You see, we only have one week of class left (unbelievable, right??), and that last week includes our final exam. I was thinking I was sitting pretty good because my average grades for the first two weren't too bad, so I haven't exactly been studying like I had for the first two. However in talking to my classmates on Saturday, I realized two things: 1) some of our classes were more heavily weighted than others, and that 2) the grades our director had given us had not yet taken this into account.
So I start looking back at the classes that were deemed most important (finance, accounting, etc) and saw those were the areas where I had the lowest scores.
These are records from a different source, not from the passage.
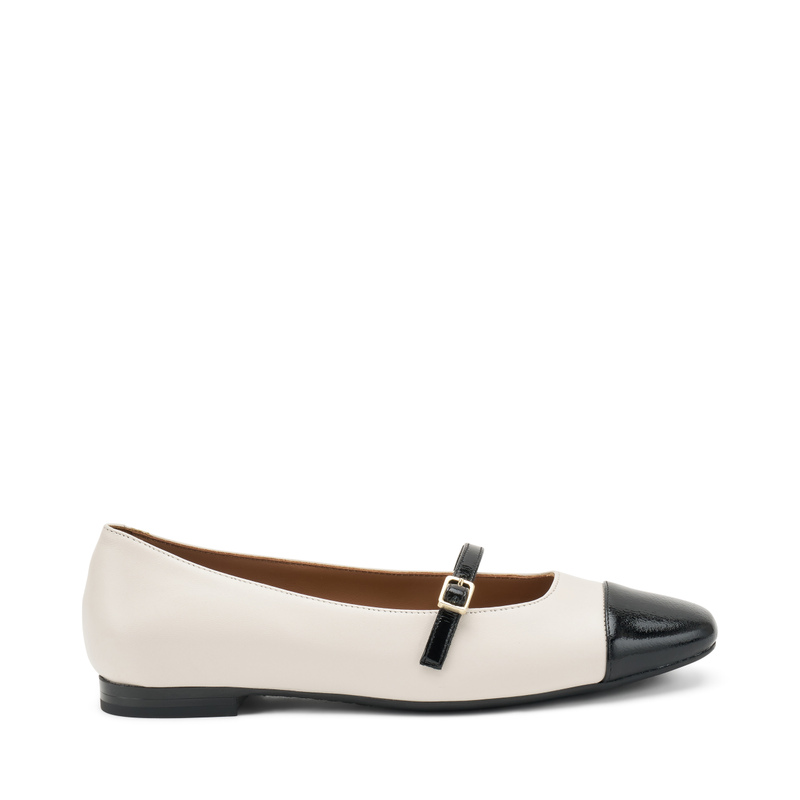 Two-tone Mary Jane ballet flats - F / W 2024 | Woman's Collection | Frau Shoes | Official Online Shop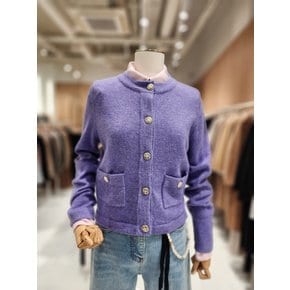 [부산점] [라인어디션](N854) 여성라운드넥 골드버튼 카디건 NKCDOB0200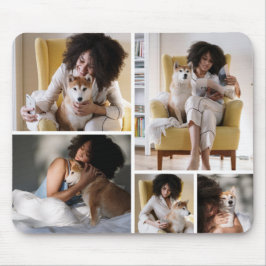 Custom 5 Photo Collage Mousepad マウスパッド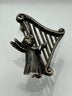 Sterling Pin Angel Harp Design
Doh! Suddenly I realized that I had gone about studying for my tests all wrong. We had six subjects per exam, and I had been studying for them all equally, whereas I should have been focusing most of my time on the heavily-weighted subjects.
Cue mega panic about the third exam.
So my classmates start trying to explain how to go about calculating the minimum grade I needed to have on the third exam, and after a few minutes, my head was absolutely spinning with numbers and advice. I finally asked my tablemate to help me figure out exactly, and the formula he wrote down was something like this:
M= (Axy + Bxy + Cxy)/Z
And I was like "WTF is that??". He then went through this complicated (to me anyways) system of calculate M, A, x, y, B and Z, so that we could figure out C, ie the minimum score I needed for the third exam. I guess it's probably easy if it's something you've been doing it since grade school, but I'm still not sure I could do it on my own...
Luckily it turned out to be a fairly low number, so I should be alright (though it was not as low as my tablemate, who could get a -2 on the exam and still average more than 10). As a disclaimer, I realize that I may just be slow, and that the idea of "pondération" is completely obvious to those of you who have grown up with this method and/or have done schooling in France, but figured I would put it out there just in case I can help someone prevent making the same studying mistakes I made.